La pépite anecdotique de ce livre est, à mes yeux, le chapitre consacré au village d'Estaing, lieu touristique dominé par son donjon octogonal, célèbre depuis plus de mille ans pour abriter les reliques de Saint Fleuret. le site Nominis indique « D'après les documents, Saint Fleuret, confesseur, est un évêque d'Auvergne du Ve siècle. Fidèle à Rome, il a lutté contre l'arianisme des Wisigoths qui tenaient à cette époque la Gaule aquitaine. A son retour d'un voyage à Rome, il séjourne à Estaing. La population est frappée par ses prédications, sa douceur et sa compassion. Après avoir fait jaillir une fontaine – la sècheresse sévissant dans toute la région – et guéri des malades, il envisage de continuer son voyage. Mais il tombe malade et meurt à Estaing. Sa réputation de sainteté ne fait aucun doute pour les estagnols. ». le site ajoute « il serait le même que saint Flour, probable apôtre de la Haute-Auvergne du IVe ou Ve siècle » et « Peut-être s'agit-il de la même personne que saint Florez fêté ce même jour.. ». Saint Fleuret était donc pour le moins oublié, voire nié, jusqu'à ce que la commune réalise un inventaire (2013-2018) des biens jacquaires, prélève un fragment des reliques, les confie au laboratoire Archeolabs, dont la datation radiocarbone situe le mort entre 431 et 558 et que deux autres reliquaires permettent de compléter un « ensemble cohérent » rendant ainsi à Saint Fleuret sa juste place comme le soulignent Yves Palobart et Christian Mullier.

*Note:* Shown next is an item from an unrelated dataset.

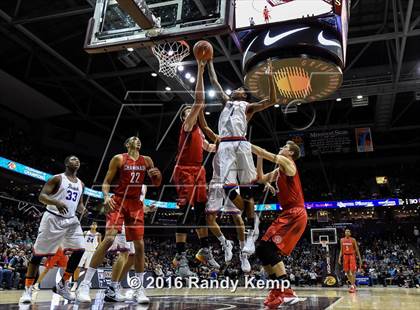 Thumbnail 3 in Chaminade vs. Rainier Beach  (Bass Pro Tournament of Champions) photogallery.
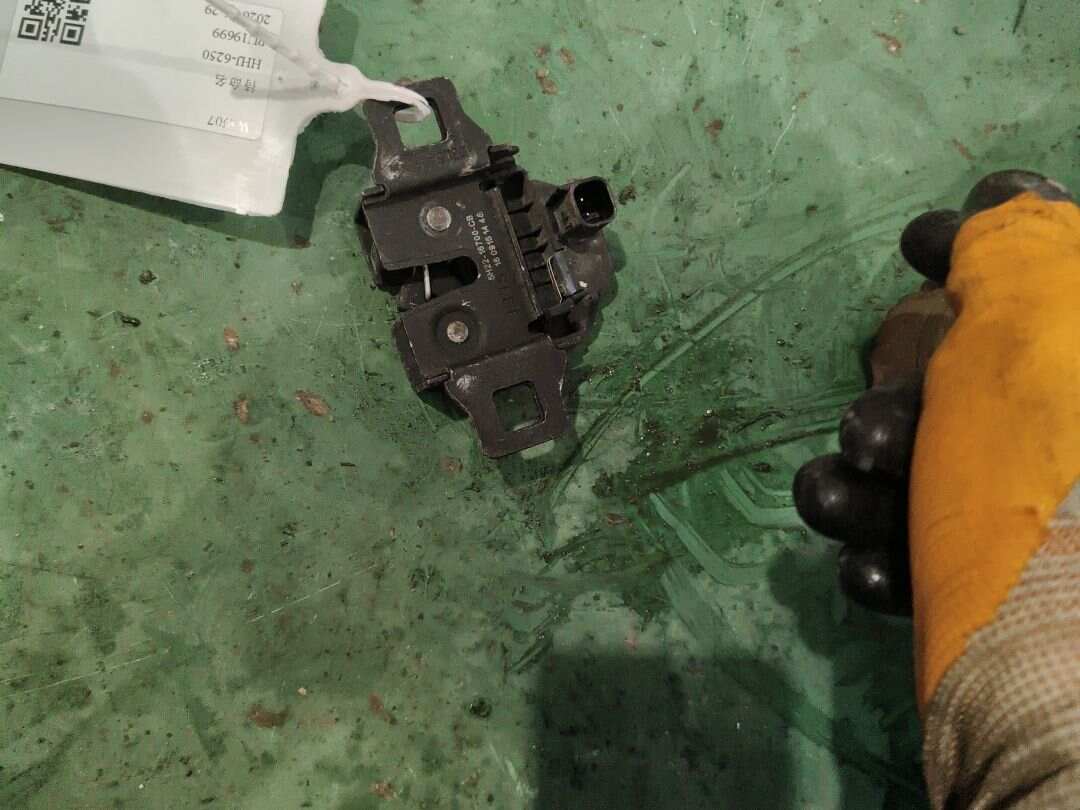 JDE36371 前机盖锁机(右)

Enfin Kathryn Brush évoque (en anglais) le savoureux voyage, en 1920, d'Arthur Kingsley Porter et de son épouse, qui aboutit à la publication de « Romanesque Sculpture of the Pilgrims Roads » en 1923 et Xavier Barral i Altet honore « le rôle des historiens de l'art dans la construction du mythe de l'existence d'un art médiéval propre aux chaînes de Compostelle » dans un très long et très pédagogique exposé.

Richement illustré, cet ouvrage est remarquable et ouvre des perspectives intéressantes vers le Puy en Velay et le Mont Saint Michel dont c'est le millénaire en 2023.

Ce « regard contemporain sur les chemins de Saint-Jacques » incitera de nombreux lecteurs à se mettre en marche vers Compostelle et certains méditeront peut-être en cours de route l'évangile de Saint Luc « les pierres crieront » (Luc 19:40)

Merci aux Presses Universitaires du Midi et à BABELIO de m'avoir adressé cet ouvrage qui rejoint « Sculptures romanes toulousaines : Regards croisés » le précédent chef d'oeuvre de Quitterie Cazes dans notre bibliothèque.